__RAW DATA__.

::::::::::

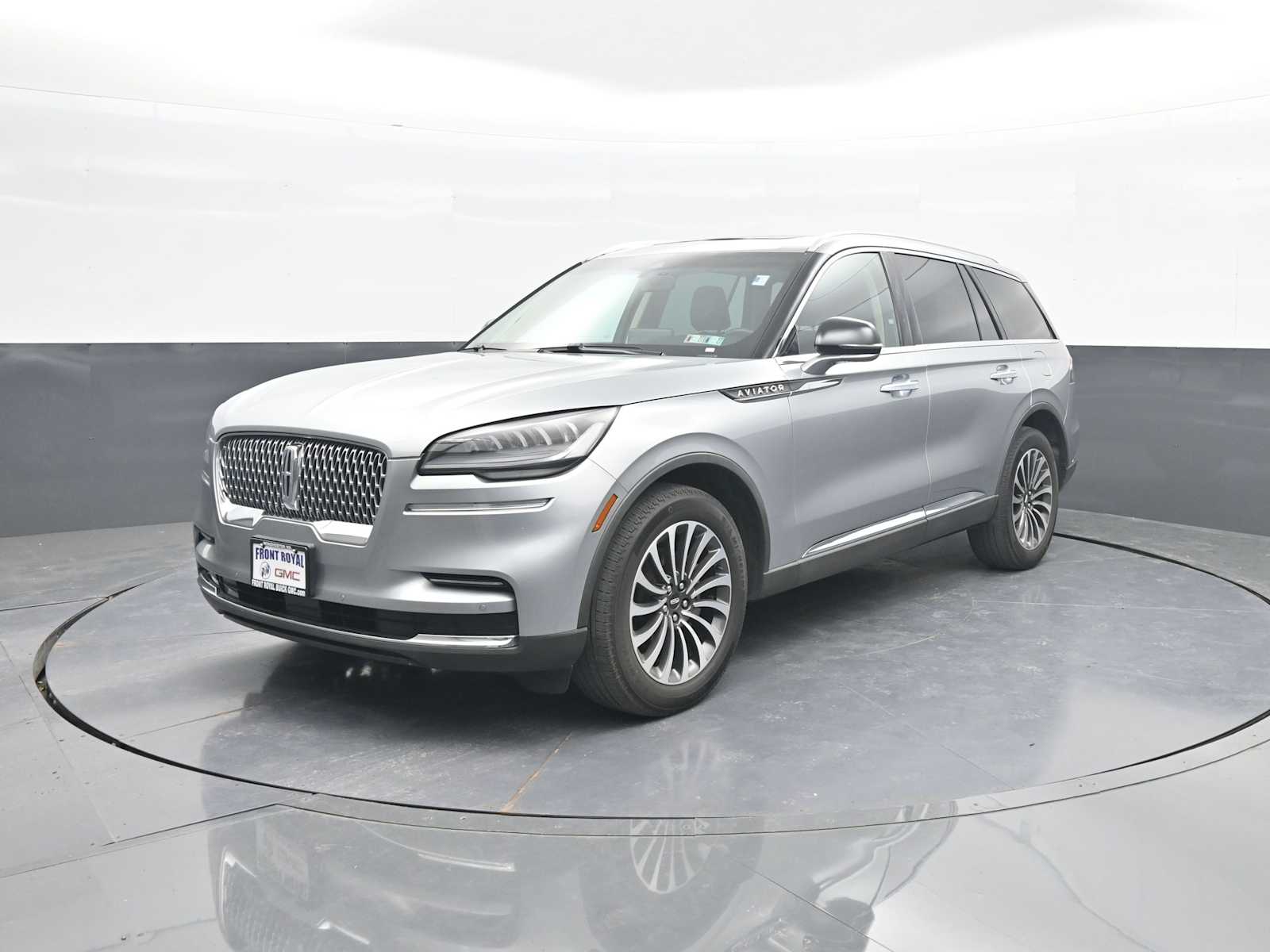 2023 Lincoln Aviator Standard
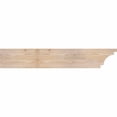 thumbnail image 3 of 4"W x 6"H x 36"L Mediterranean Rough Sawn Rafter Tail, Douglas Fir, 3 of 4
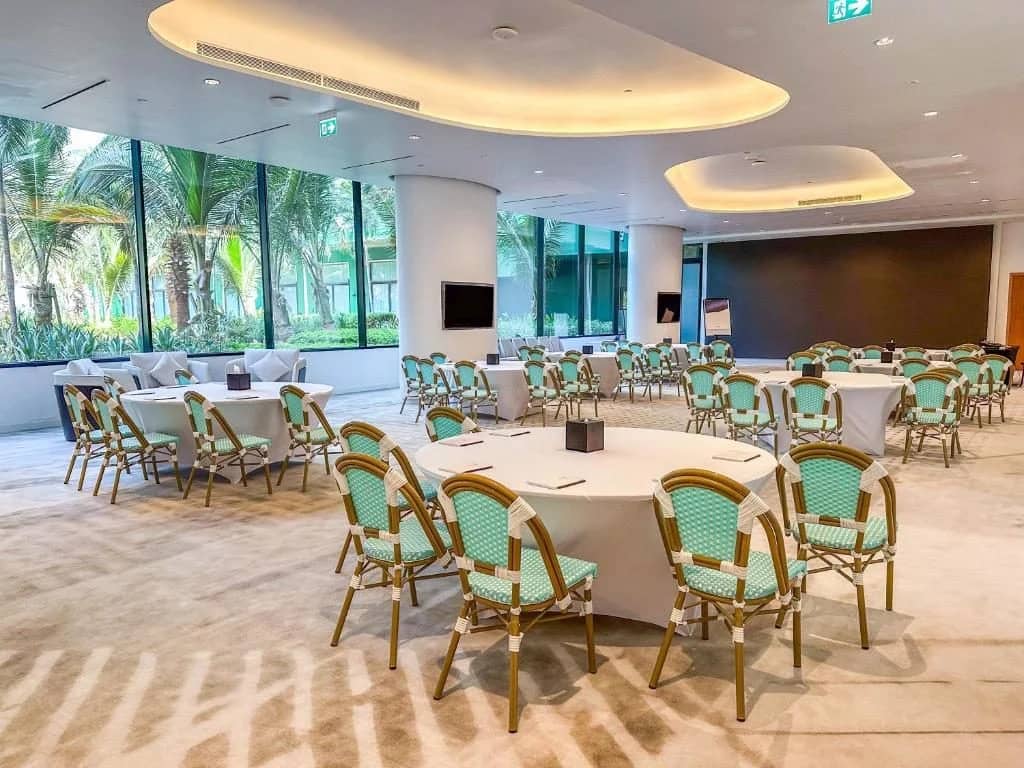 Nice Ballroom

::::::::::

__YOUR TASK__. Your answer must be an exact copy of the data above, minus its pictures.

__OUTPUT FOR THIS EXERCISE__.
 2023 Lincoln Aviator Standard
 thumbnail image 3 of 4"W x 6"H x 36"L Mediterranean Rough Sawn Rafter Tail, Douglas Fir, 3 of 4
 Nice Ballroom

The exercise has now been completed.